[Opening LISTED RECORDS section]

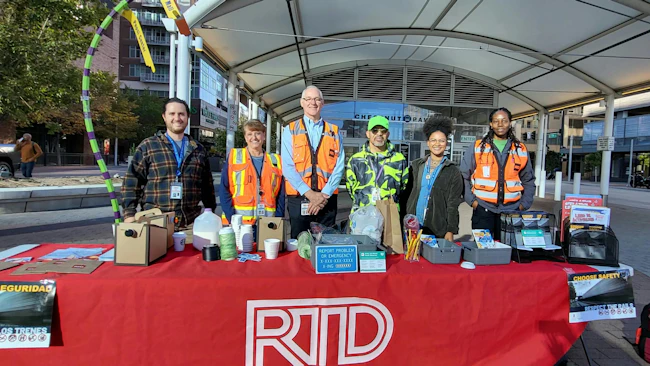 Six Denver RTD employees stand behind a red table branded with the agency logo, displaying rail safety materials in English and Spanish at an outdoor transit plaza.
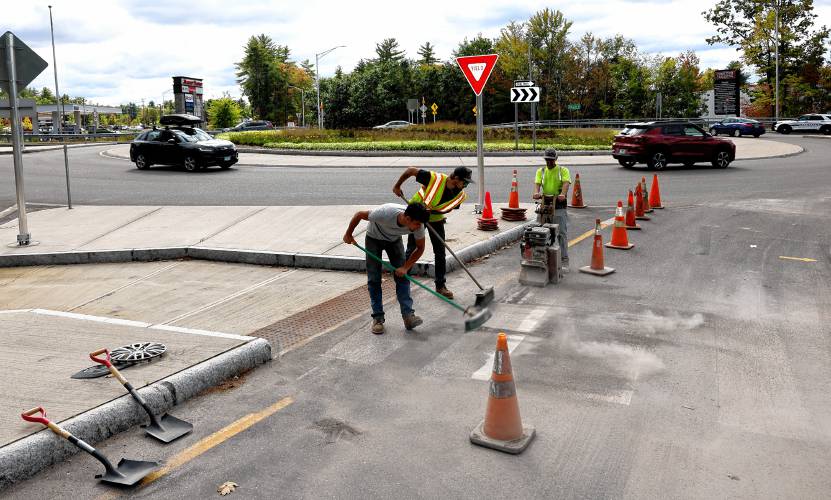 Workers from Merrill Construction clear off the old striping around the traffic circle in front of the new Market Basket near exit 17 on Tuesday, September 24, 2024. The crews was going to replace the fading striping around the circle.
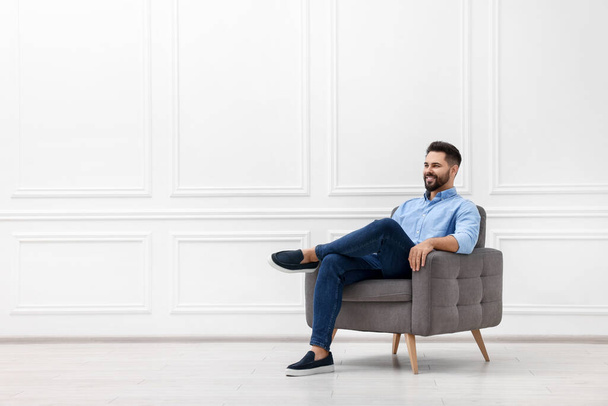 Handsome man sitting in armchair near white wall indoors, space for text - Foto, Bild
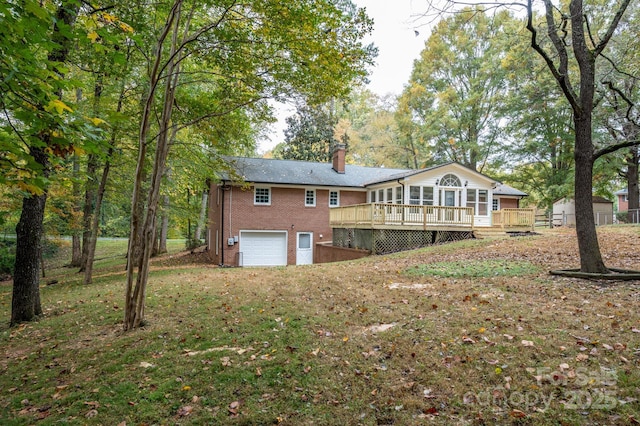 rear view of house with a garage and a deck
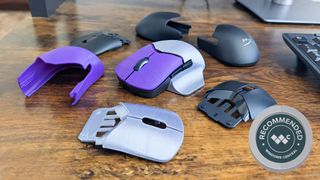 HyperX Pulsefire Saga Pro Wireless gaming mouse with 3D printed purple clicker buttons and a 3D printed silver back shell with a thumb rest. It's surrounded by 3D printed shells and swappable shells. 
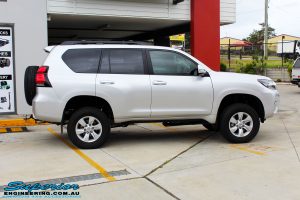Right side view of a Silver Toyota 150 Landcruiser Prado Wagon after fitment of a Superior Remote Reservoir 2" Inch Lift Kit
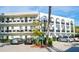 A bright, white condo building showcasing an interesting architectural design and carport parking at 100 El Camino Dr # 102, Winter Haven, FL 33884
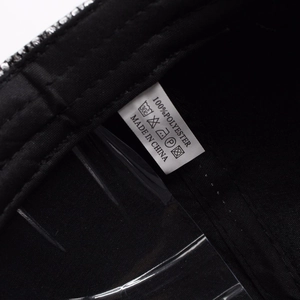 Detailed care label showing 100% polyester fabric and washing instructions for baseball cap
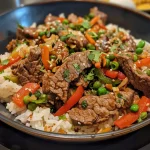 Close-up view of a delicious beef stir-fry with vibrant vegetables and seasoned rice.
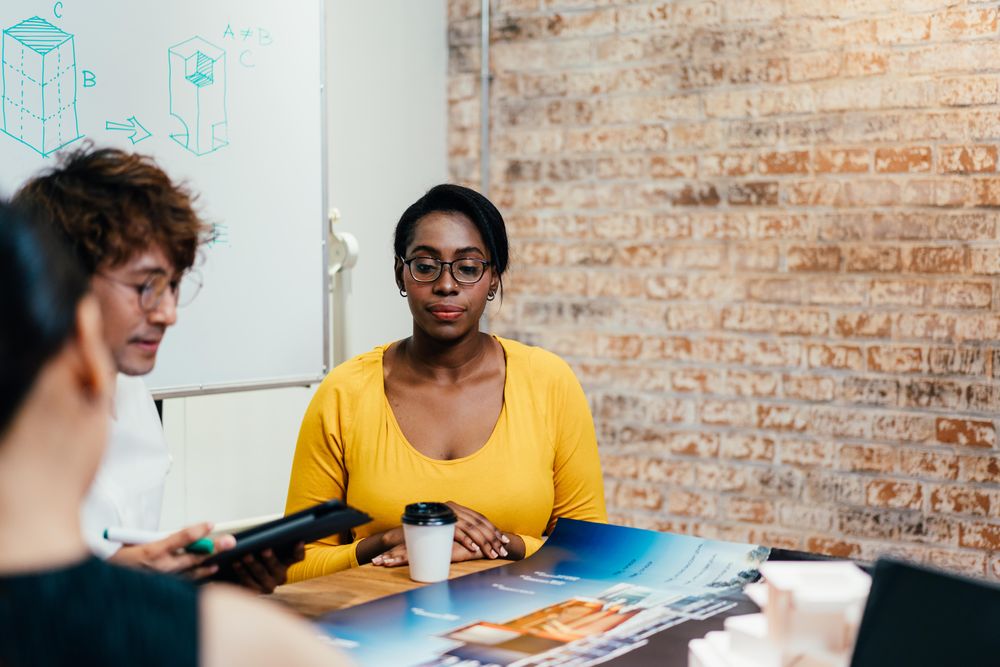 Black woman with colleagues in design firm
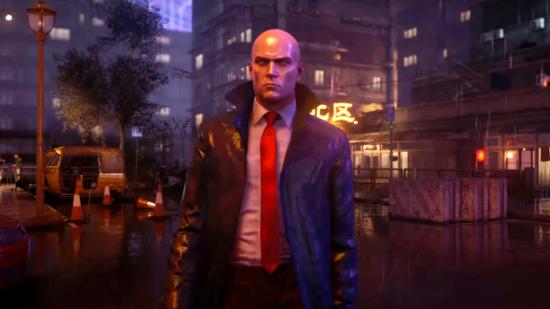 Hitman freelance mode: Agent 47 stands in the rain at night on a neon-lit Chongqing street
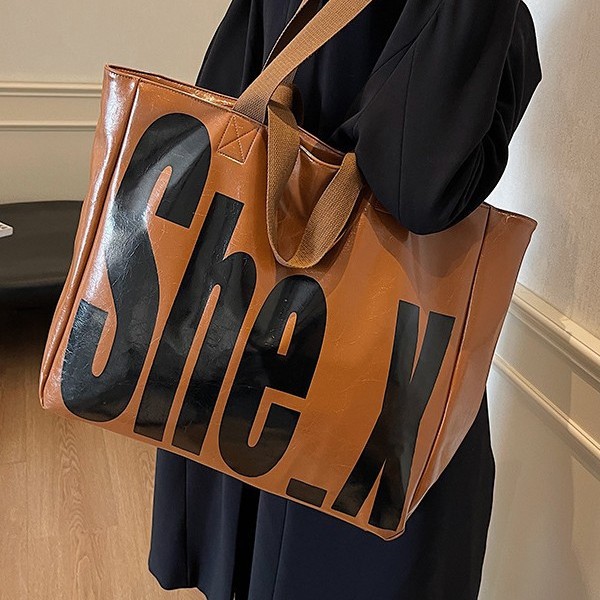 A new large-capacity hand-held women's fashionable Korean-style commuting bag for autumn and winter, a high-end textured tote bag with large letters and European and American style Specification drawing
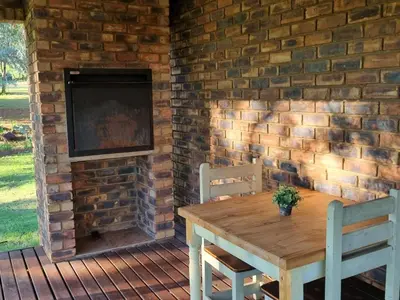a wooden table and chairs in front of a brick fireplace at Villa Rosa Guest Farm in Eersbewoond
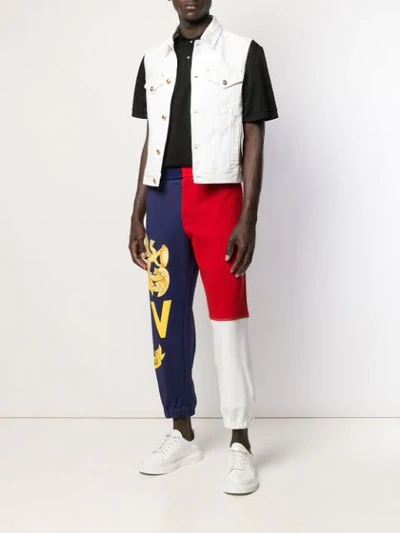 Shop Versace Crest Logo Track Pants In Blue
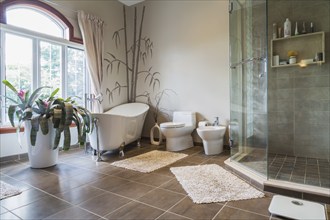 Freestanding bathtub, bidet, clear glass shower stall in en suite with grey nuanced ceramic tile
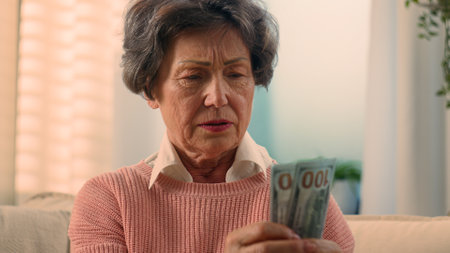 Sad dissatisfied stressed Caucasian old woman count money at home worry with debt world financial crisis bills grandmother counting fake dollars senior old female retired lady upset banknotes cashの写真素材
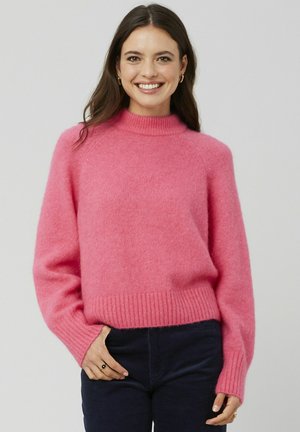 Pull en tricot rose avec un col montant, une bordure côtelée et des manches longues. Texture douce, coupe décontractée et sans motifs ni accents visibles.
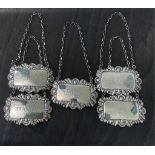 Nine wine / decanter labels - to include a set of five Elizabeth II cast silver decanter labels, J B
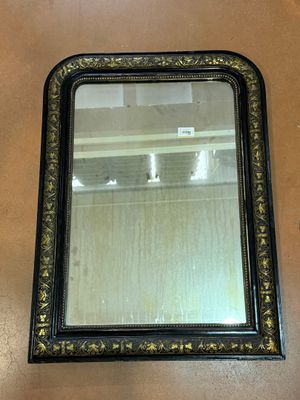 MIROIR de forme rectangulaire en bois mouluré, sculpté et do…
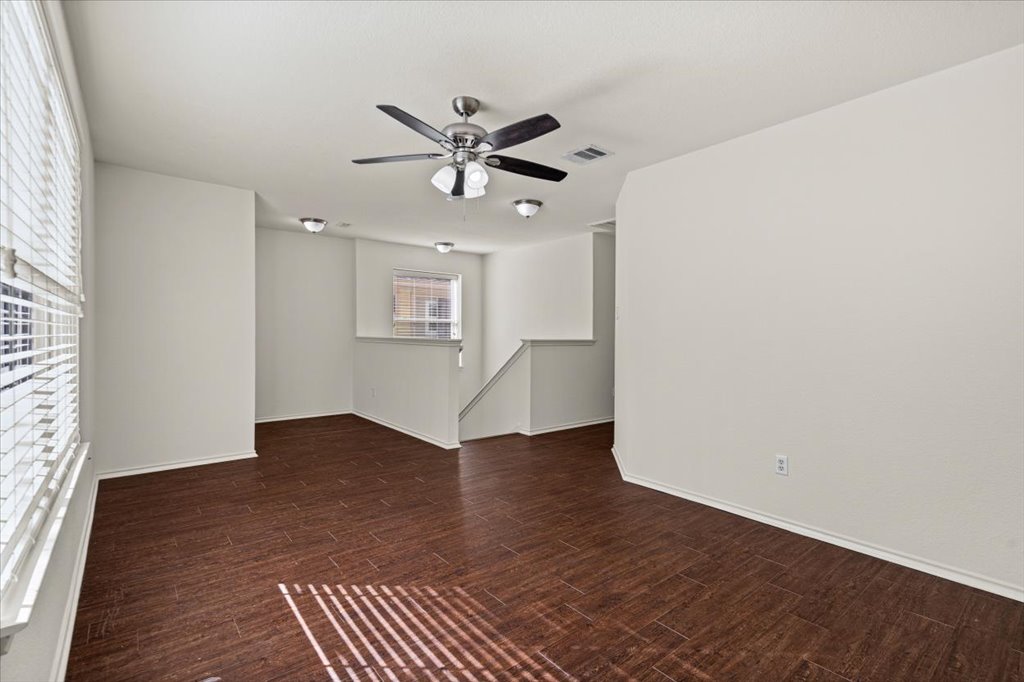 1316 Davis Mountain Loop Cedar Park, TX 78613 - Photo 11 of 24 an empty room with wooden floor fan and windows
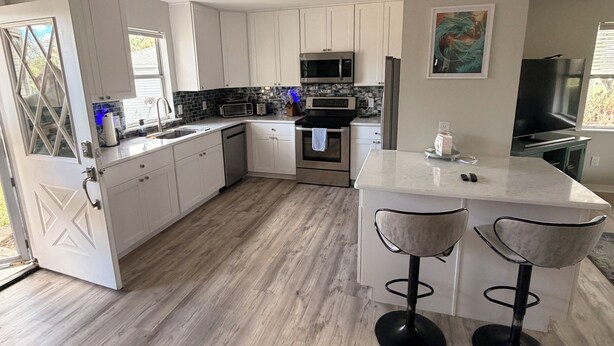 A modern kitchen with white cabinets, a central island with stools, a microwave, oven, and a sink. - 2-bedroom house in the villages with golf course view and included golf cart! (Lady Lake)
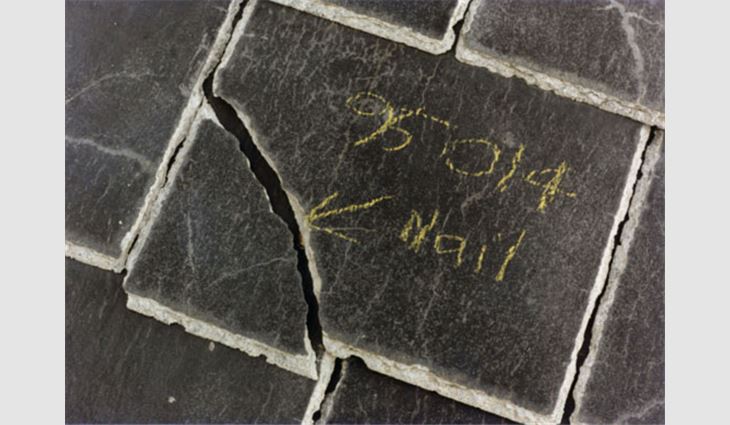 Photo 6: This crack is located over a nail in the underlying shingle.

[Closing LISTED RECORDS section]

» PROBLEM STATEMENT
Pictures aside, return exactly the lines from the data above, starting at the line that has "Freestanding bathtub, bidet, clear" and ending at the line that has "Sad dissatisfied stressed", both included.

» SOLVED EXERCISE
 Freestanding bathtub, bidet, clear glass shower stall in en suite with grey nuanced ceramic tile
 Sad dissatisfied stressed Caucasian old woman count money at home worry with debt world financial crisis bills grandmother counting fake dollars senior old female retired lady upset banknotes cashの写真素材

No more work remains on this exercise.